Ishiguro’s depiction of Kikuko focuses in large part on the way in which she has begun to occupy some of the submissive, domestic, and maternal qualities expected of a traditional Japanese woman. The narrator’s father praises Kikuko for completing domestic tasks and places her in the role of a mother or caretaker. For example, he calls her “a good girl” for preparing the food to be served at dinner, and he excludes her from a private conversation with the narrator by ordering her to make a pot of tea. The narrator notices Kikuko adhering to her father’s orders whenever he is physically present, even if those orders are nonverbal. For example, describing the father’s actions when he finishes looking at the photograph, the narrator says: “He held it out to Kikuko. Obediently, my sister rose to her feet…and returned the picture to the wall.” Her tendency to submit to male authority, much like her willingness to complete domestic tasks, reflects her understanding of gender expectations of a respectable Japanese woman devoted to her family. At least within the confines of her childhood home, Kikuko temporarily fulfills these expectations, seemingly out of respect for her father.
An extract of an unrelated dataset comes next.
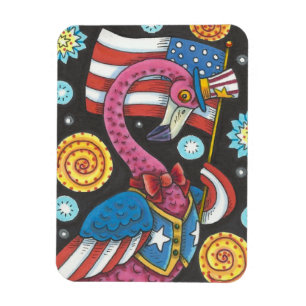 IMÁN 4 DE JULIO FLAMINGO ROSA, TÍO SAM MAGNET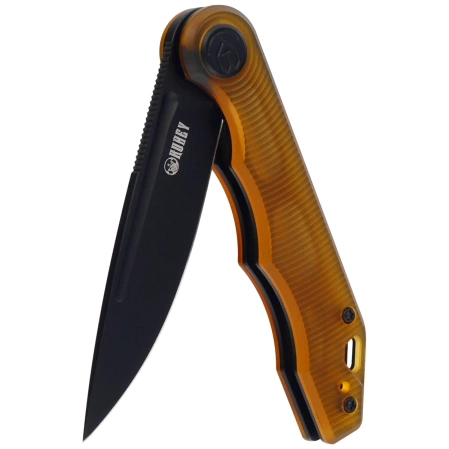 Kubey Knife Mizo Ultem, Black Stonewashed AUS-10 by Tiguass (KU312N)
Ishiguro suggests that the influence of traditional gender expectations is so strong that both the narrator and his sister have begun to mimic certain gendered behaviors of their parents. The narrator, who has returned to Japan after living alone in the U.S., remarks to his father that he has left behind “empty rooms” in America, directly paralleling the remarks his father makes while explaining that their house in Japan is now too large for him after the death of his wife and the departure of his children. The protagonist’s narration also emphasizes the fact that Kikuko fulfills her father’s requests even though she often expresses hesitation before doing so. Kikuko’s submission to her father’s domestic demands parallels the relationship between her mother’s death and gender-based ideas of etiquette. Her mother ate the poisonous fugu, a dish she “always refused to eat” in the past, because she did not want to offend a friend who invited her to dinner.
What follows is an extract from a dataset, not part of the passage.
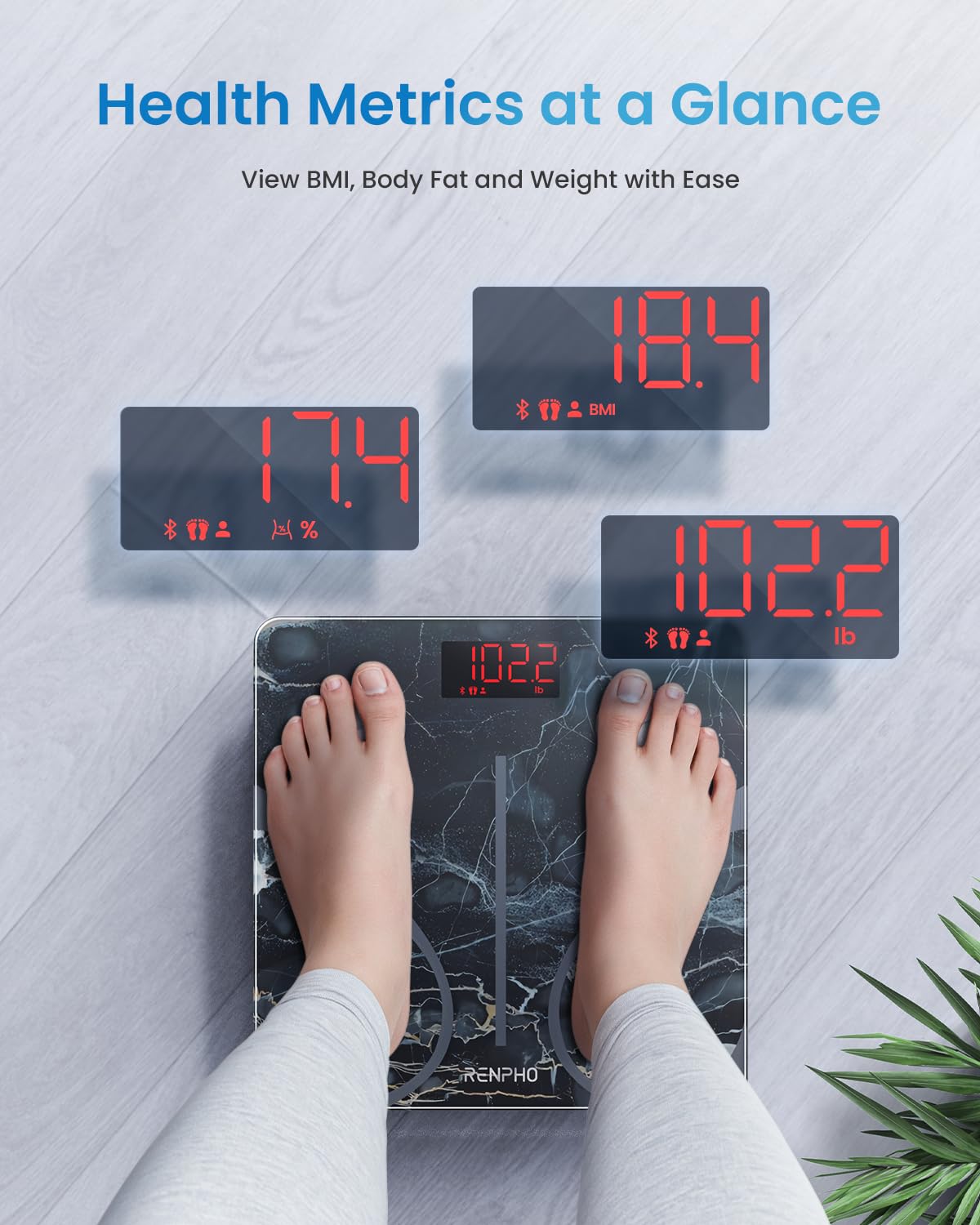 Thumbnail 1 de RENPHO Weighing Scales for Body Weight with Smart Body Fat Scale and Bluetooth App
However, it’s also clear in the narrator’s family that the influence of traditional Japanese gender roles, though still strong, is waning. Because the siblings’ mother has died and their father is aging out of his ability to function as the head of the household, Kikuko and her brother are expected to step into their adult roles, suggesting that family structures and aging are wrapped up in the inheritance of traditional gender roles. Yet even as the narrator and his sister embody several features of their respective gender roles, they also challenge gender expectations in marked ways throughout the story. Despite Kikuko’s apparent domesticity and obedience, Ishiguro reveals that she has not truly adopted all of the maternal or daughterly qualities her father expects of her, and she even rejects some of these qualities outright. For example, she smokes cigarettes (a habit she is clearly trying to hide, given that she attempts to cover up her cigarette butts in the garden) and proclaims a love for hitchhiking. Perhaps most important in terms of her rebellious qualities is her confession that, like her brother, she is interested in living in America. Like Kikuko, the narrator himself also moves away from the gendered expectations that his father still holds. The father comments more than once that he considers Watanabe, his former business partner, an honorable man for committing suicide after their law firm failed. Though the father seems to question this perception later on, it also seems that he wishes the narrator would follow Watanabe’s masculine example by putting honor above everything else. However, the narrator clearly abhors Watanabe’s actions and seems uninterested in becoming the kind of honorable businessman that his Watanabe and his own father epitomize.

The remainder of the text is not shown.